# Finally got to put some meat in the freezer!



## AQUA HUNTRESS (May 23, 2008)

Leo (Helms Deep) and I went out on Thursday in serch of meat! My freezer has been looking sadly empty for too long. It was a beautiful day out there and we didn't do too bad considering the late start. We were about 28 miles out.


----------



## AQUA HUNTRESS (May 23, 2008)

*The BFT was soooo good!*

Sesame, cabbage, tuna salad!


----------



## recess (Oct 8, 2007)

Nice catch Leo and Stephanie. Lets us know when you can get out this summer and we can keep working on that bucket list.
TIM


----------



## Jason (Oct 2, 2007)

Ya'll did dern good!!!!


----------



## knot @ Work (Apr 18, 2012)

Great post that should get all of us in the mood to get out and fish.....


----------



## Ozeanjager (Feb 2, 2008)

The sesame tuna salad is AWSOME !! It's called " Poke". ( PO-Kay ) ... Super easy to make and I will be carrying the ingredients in a bag next to my cevichi bag next time I am in tuna territory.


----------



## JACKIN' JAWS (Mar 14, 2008)

Looks like a fun trip with a bonus blackfin! Nice work.


----------



## PJIII (Oct 29, 2011)

Looks like a awesome trip!!


----------



## Frenchy (Oct 2, 2007)

Thanks a lot for the report, really enjoy the pictures of...hmm the fish !! keep them coming :thumbsup:


----------



## Chipsfishing (Apr 23, 2013)

Sweet...


----------



## andrethegiant (Sep 14, 2010)

Nice haul


----------



## BananaTom (Feb 16, 2008)

*Stephanie, I like the BIG BITE you took.

But Darlin, most people bring a Subway Sandwich when they go fishing.

You HUNTRESS YOU!!

Chowing down on a live one.

Mermaid Style!!!*













..


----------



## AQUA HUNTRESS (May 23, 2008)

What can I say Tom, I get hungry out there!


----------



## jjam (Dec 9, 2007)

Good job Stephanie and Leo....Beautiful day to be on de' G.O.M.

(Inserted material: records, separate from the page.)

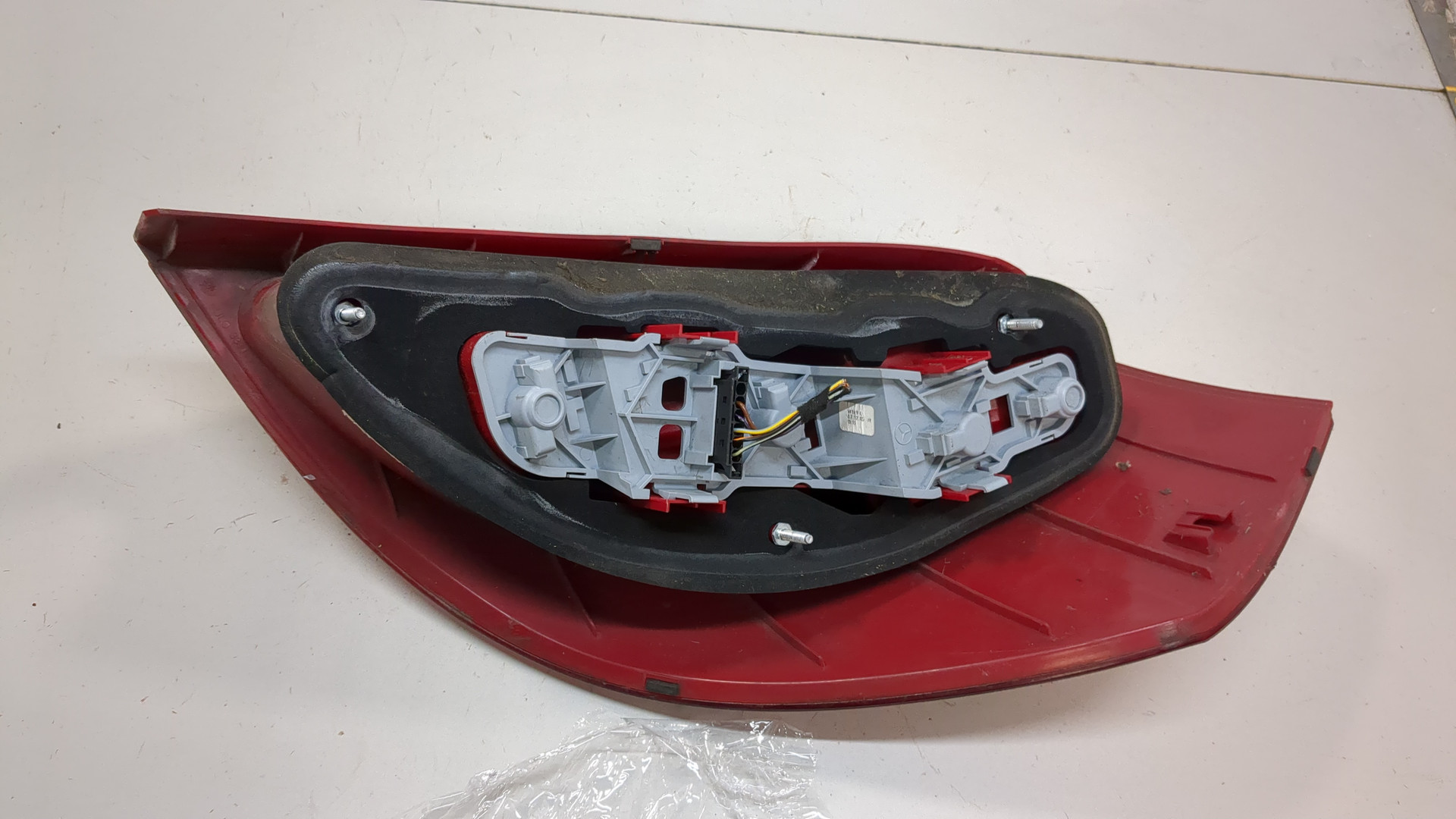 Фонарь задний левый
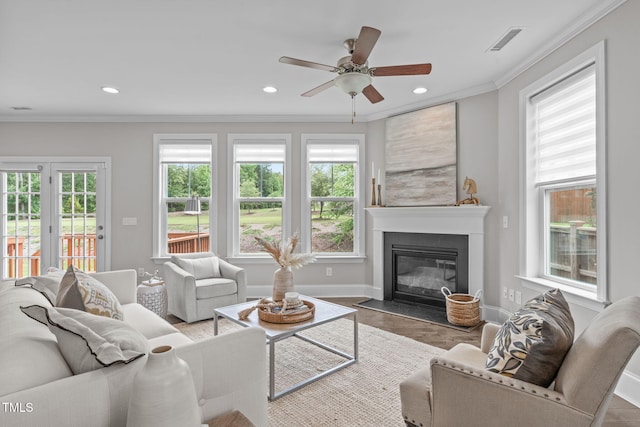 1017 Blackpool Ct, Apex, NC 27502 - living area with plenty of natural light, a fireplace with flush hearth, a ceiling fan, ornamental molding, and wood finished floors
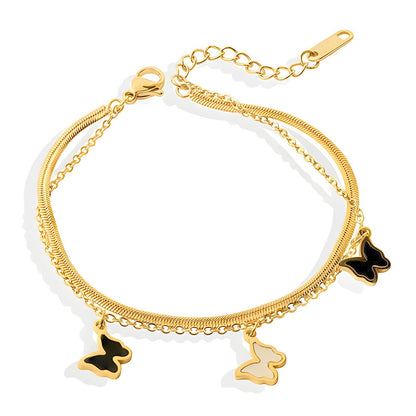 A gold-pvd stainless steel bracelet with multiple chains and butterfly charms.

What a mighty big bite you hv there Huntress!!!! 

Must've been really hungry too!

Jimmy


----------



## below me (Jan 13, 2012)

note to self: invite steph fishing again so she will bring us some sushi!

way to go!


----------



## pilotkal (May 31, 2012)

Very nice glad you are getting a good start.


----------